(Image-caption web data)
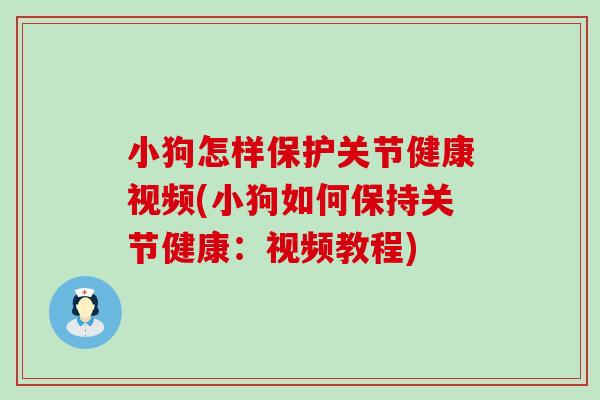 小狗怎样保护关节健康视频(小狗如何保持关节健康:视频教程)-第1张图片-氨糖科普网 小狗怎样保护关节健康视频(小狗如何保持关节健康:视频教程)-第1张图片-氨糖科普网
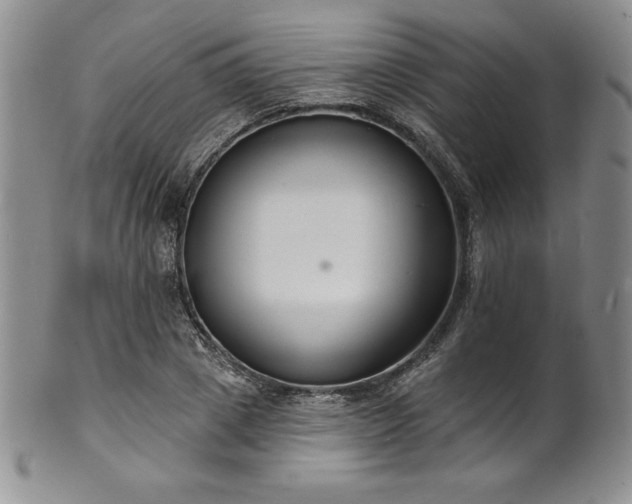 X0000101690833200807171433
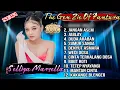Download Lagu SELIYA MARSELLA FULL ALBUM TARLING TERBARU 2025 THE GEN ZIE OF PANTURA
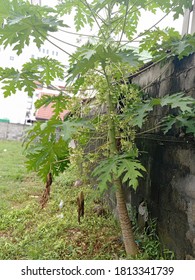 Male papaya trees are fruitless and the flowers are very long.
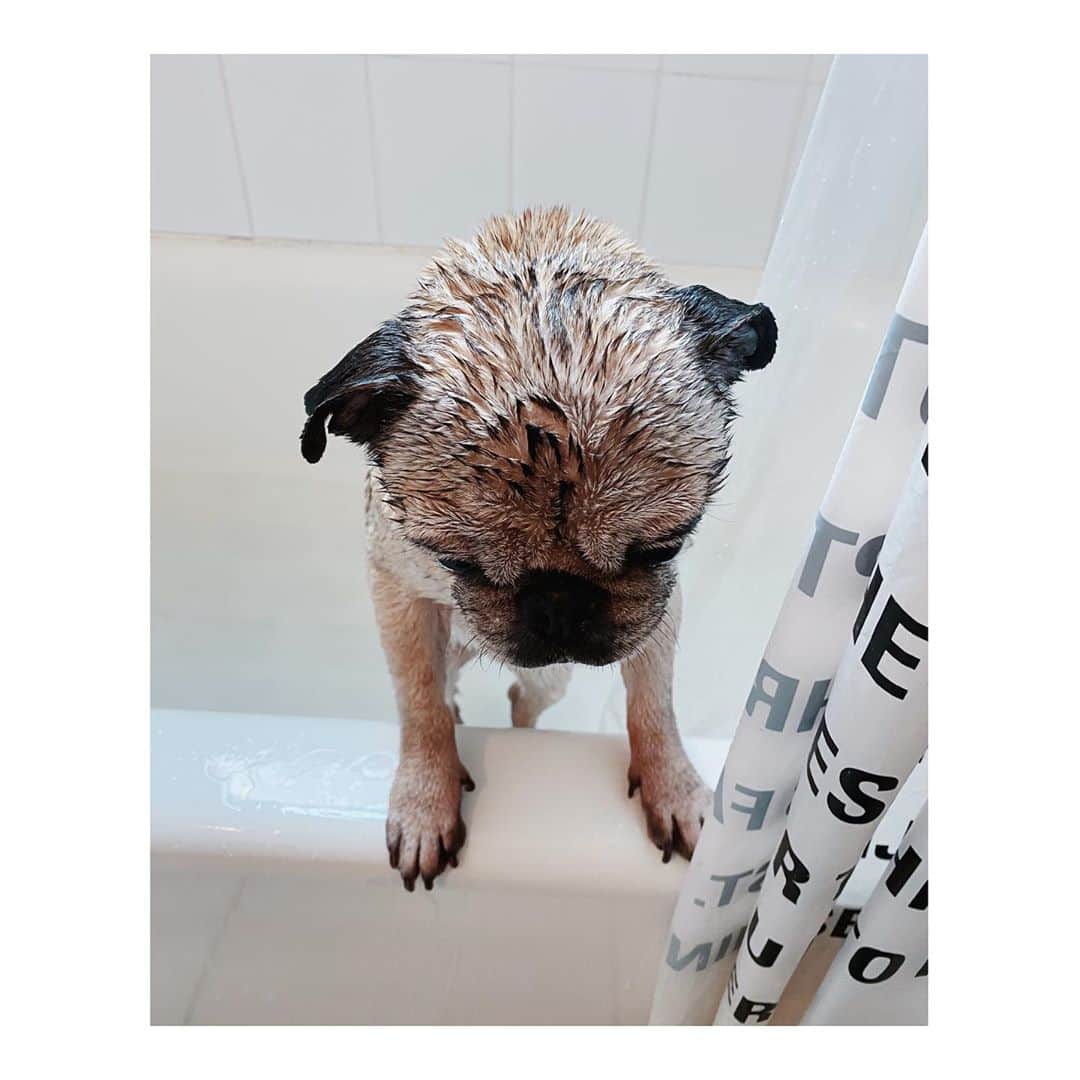 のインスタグラム：「💦pig💦 #DailyPug #LeicaHarrietPancakes #Pug #pugsofinstagram」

YOUR ASSIGNMENT: If a record holds a picture, drop the picture and return the rest of it exactly.

OUTPUT:
 小狗怎样保护关节健康视频(小狗如何保持关节健康:视频教程)-第1张图片-氨糖科普网 小狗怎样保护关节健康视频(小狗如何保持关节健康:视频教程)-第1张图片-氨糖科普网
 X0000101690833200807171433
Download Lagu SELIYA MARSELLA FULL ALBUM TARLING TERBARU 2025 THE GEN ZIE OF PANTURA
 Male papaya trees are fruitless and the flowers are very long.
 のインスタグラム：「💦pig💦 #DailyPug #LeicaHarrietPancakes #Pug #pugsofinstagram」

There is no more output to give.